Could you, please, confirm that the calculation of the input size of the fully connected linear layer in the SimpleEmbeddingNetwork class of the first lab of the module is correct (please, see the attached screenshot):

To me having 224x224 input image size and three nn.MaxPool2d(2, stride=2) modules, the size should be calculated by: 128 * 28 * 28 (since 224/2/2/2 = 28, but not 25).

Thank you!

Notice that the Conv2d layers there do not specify “same” padding. So you can’t assume that the output is the same size, right? The formula is:

n_{out} = \displaystyle \lfloor \frac {n_{in} + 2p - f}{s} \rfloor + 1

Where p is the padding (0 by default), s is the stride (defaults to 1) and f is the filter size (kernel size).

You have two layers each with f = 5, followed by one with f = 3 with MaxPool layers after each. What does that give you as the output shape?

1 Like

The higher level point is that the code was just given to you. Did you try running it? If your theory is correct, then it should explode and catch fire, but I’ll bet that it doesn’t. It’s worth working through the implications of what I said in the previous reply.

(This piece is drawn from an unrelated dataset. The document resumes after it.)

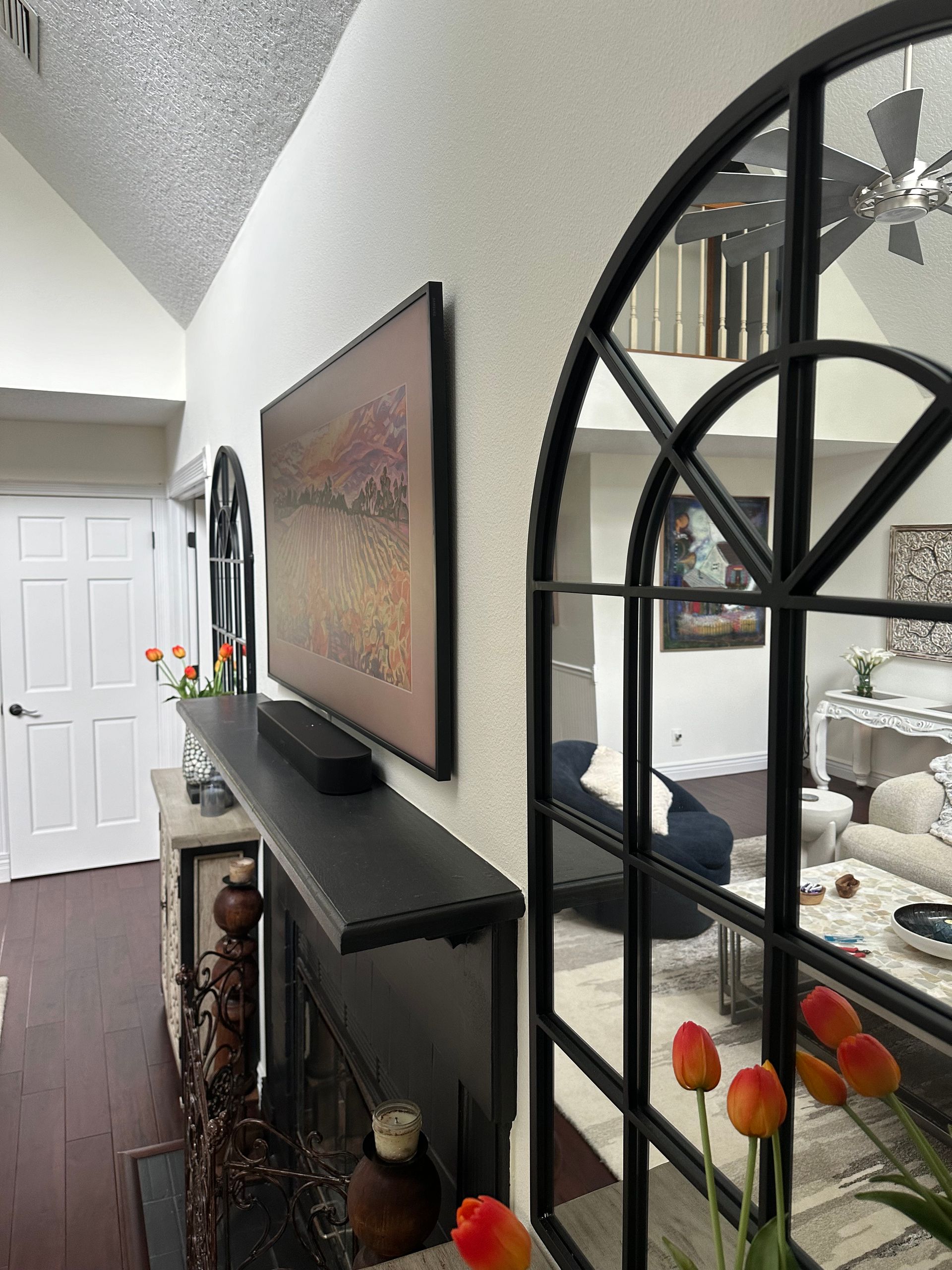 A living room with a fireplace and a large mirror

Just to work through the first conv layer:

n_{out} = 224 + 2 * 0 - 5 + 1 = 220

Then the MaxPool layer will give you 110 as the output dimension of the layer. Not the same as \frac {224}{2}, right?

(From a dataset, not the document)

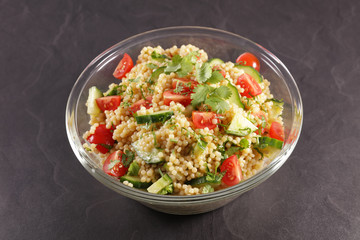 pasta salad with tomato, cucumber and herb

The rest is left as an exercise to the reader. :nerd_face:

1 Like

IF I CALCULATE LAYER WISE

First Convolution and Maxpooling

The input is an RGB image of 224 x 224 x 3

Conv2d layer 1 - Using 32 filters with a 5Ă—5 kernel (stride 1, no padding), the output spatial dimension is ( 224-5) + 1 = 220.

Output = 220 x 220 x 32 feature map

Maxpool 2d layer 1 - with a 2 x 2 kernel and stride 2, the dimension are halved

Output 220/2= 110

Output shape is 110 x 110 x 32 feature map.

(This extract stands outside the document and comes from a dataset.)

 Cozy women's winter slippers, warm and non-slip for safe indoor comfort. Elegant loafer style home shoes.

Second Convolution and MaxPooling

Conv2d layer 1 - Using 64 filters with a 5Ă—5 kernel (stride 1, no padding), the output spatial dimension is (110-5) + 1 = 106

Output = 106 x 106 x 64 feature map

Maxpool 2d layer 1 - with a 2 x 2 kernel and stride 2, the dimension are halved

Output 106/2=53

Output shape is 53 x 53 x 64 feature map.

Third Convolution and MaxPooling

Conv2d layer 1 - Using 32 filters with a 3x3 kernel (stride 1, no padding), the output spatial dimension is (53- 3)+ 1 = 51

Output = 51 x 51 x 128 feature map

Maxpool 2d layer 1 - with a 2 x 2 kernel and stride 2, the dimension are halved

Output 51/2 = 25

Output shape is 25 x 25 x 128 feature map.

So input dimension for the first fully connected layer is the final feature map’s height, width, and depth

128 x 25 x 25

1 Like

Another high level point here is that you really can’t start your ML/DL learning by taking this PyTorch specialization. You need to take DLS first, so that you understand the different types of networks (Fully Connected, ConvNets, RNNs and so forth), the fundamentals of how they work and what they are used for. The PyTorch series assumes you already know the fundamentals and then proceeds to show you how to build those things in torch. In DLS C4 (ConvNets), it shows many examples of conv layers which reduce the dimensions even before the pooling layers.

2 Likes

Thank you! Yes, I missed the different kernel sizes in layers, sorry (inertia of thinking from the previous courses/modules where it was always equal to 3).

The second false alarm in a row on my part (after a few valid ones). It seems I need to start being more careful and thoroughly research the topics I ask about. And I will do so.

Thank you again.

1 Like

Yes, we have seen lots of instances of conv layers that preserved the dimensions up to this point, but if you go back and check they all include non-zero padding. Without padding, conv layers reduce the output size. Even with padding they can also reduce the size especially if the stride is > 1. Here’s a thread about the surprising behavior of padding=same in TF anyway.

1 Like

Just to be sure we are clear here, the kernel_size = 5 is not what triggers the reduction in size. It is the fact that p = 0 for all the layers in this case. The amount of padding you need to get the same output size varies depending on the kernel size. If we make the simplifying assumption that s = 1, then it’s easy to solve for p:

n_{in} = n_{in} + 2p -f + 1
2p = f - 1
p = \displaystyle \frac {f - 1}{2}

So if f = 3, then we need p = 1.

If f = 5, then p = 2.

And so forth …

Note that if f = 3 and p = 0 you also get a reduction in size.

1 Like

Yes, thank you. I understand how it works and what these parameters mean and how they relate to each other. I mentioned kernel sizes because their difference appeared explicitly in the code, but I still missed it, sorry.